SURGICAL ASSISTANCE.
In the year 1836, Lord Mulgrave, afterwards Marquis of Normanby, was Lord Lieutenant of Ireland. He had an aide-de-camp, a Captain B——, who has since supplemented that name by another commencing with O. That gentleman then was, and has since continued to be, a most desirable addition to any social or convivial re-union in which wit and comic humor were appreciated. On the night of the explosion, Captain B—— was returning from some festive scene, and reached College Green, on his way to the Castle, a few minutes after the occurrence.
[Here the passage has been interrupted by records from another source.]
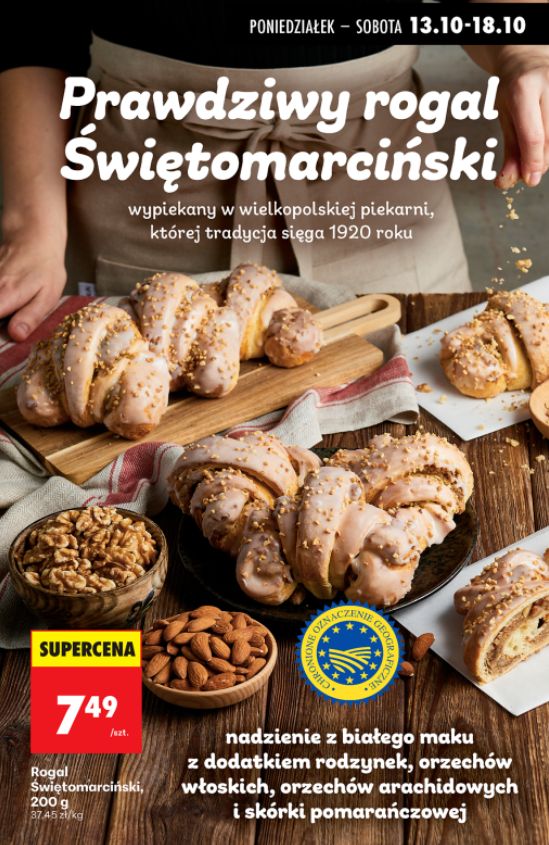 Rogale świętomarcińskie świetnie pasują do ulubionej kawy
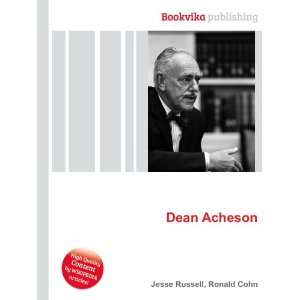 Dean Acheson [Paperback]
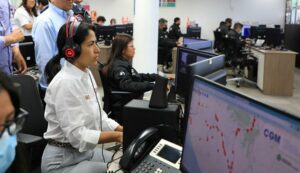 Ministra Lazarte supervisa el estado de las vías nacionales desde la sede de la Sutran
He instantly ordered his driver to make for Merrion Square as quickly as possible, and to stop at the residence of Crampton, who was the first surgical practitioner of the time, and who was very generally considered to have a most persistent anxiety to establish acquaintance and even intimacies amongst the aristocracy. Captain B—— applied himself to the knocker and door-bell until he had completely roused every inmate of the house, and to the first who enquired the reason for his urgent application, he replied, "To let Surgeon Crampton know that a very distinguished personage had fallen from his horse in College Green, and sustained serious injuries." The hoax was successful. Crampton proceeded with the utmost haste to the place designated, and subsequently he caused considerable surprise by becoming the frequent narrator of the trick to which he had been subjected.